Non NATO-member Sweden rejects EU rapid reaction force

The statement is in line with the views of the Baltic States and Poland. Neighbouring Finland has been a stronger advocate for a European rapid reaction force. [Shutterstock/wideshuts]

***This article has been updated with a quote from the minister.

The proposal made by EU defence ministers of a European rapid reaction force to respond quickly to crises in the wake of the Afghanistan crisis has not been welcomed by everyone, including Swedish Defence Minister Peter Hultqvist.

“I do not see that as the main line for solving these problems,” Hultqvist said.

Cooperation with the US is the backbone of European security, the defence minister told Swedish Radio, pouring cold water on the current EU defence debate.

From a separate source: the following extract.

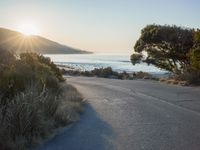 a sunset view from behind the road with a person riding a bike along the shore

In the wake of the Afghanistan crisis, EU defence ministers last week had discussed proposals for a rapid reaction force and the possibility to move towards ad-hoc military cooperation between interested EU member states.

According to him, the link across the Atlantic remains particularly important for the balance and stability “in our part of the world,” he said, adding that what is happening in Russia poses “a threat” to Sweden, which continues to cling to its non-NATO status.

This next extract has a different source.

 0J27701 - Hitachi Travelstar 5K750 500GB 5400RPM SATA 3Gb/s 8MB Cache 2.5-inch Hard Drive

Support for Sweden’s possible future NATO membership has been on the rise for a while, with public opinion in favour and the current majority in parliament intending to keep alive the possibility to apply for membership at some point in the future.

Hultqvist’s statement is in line with the views of the Baltic States and Poland, while neighbouring Finland has been a stronger advocate for an European rapid reaction force.

The EU’s efforts to create such force have been around for more than two decades, when after the Kosovo crisis, EU leaders made the decision to establish a joint unit of some 50,000 soldiers by 2003, but such plans never materialised.

In a subsequent attempt, the bloc created of a system of EU battalion-sized battlegroups of 1,500 troops in 2007, which have never been used in operations either due to disputes over funding and reluctance to deploy.

The EU will present a draft proposal of a potential “first entry force” in November and wants to seal the deal when France takes over the six-month EU Council presidency from January 2022.

During the ongoing debate, and considering the opposition inside the EU, French President Emmanuel Macron had so far taken a step back and toned down his usually vocal calls for a common European defence.

However, analysts suggest that he will warm up the issue during the French election campaign.

Striking Macron’s usual tone, EU Internal Market Commissioner Thierry Breton, whose portfolio includes defence industry and space, said that common defence was “no longer optional” and that the EU must become capable of operating military missions in “full autonomy” at its border and elsewhere.

Germany’s Chancellor Angela Merkel so far had prefered to see NATO remain the centrepiece of European defence. A current proposal from Germany instead backed the idea of “coalitions of the willing” among members states coming together to tackle future crises. The discussion in November may take a different turn after the German elections.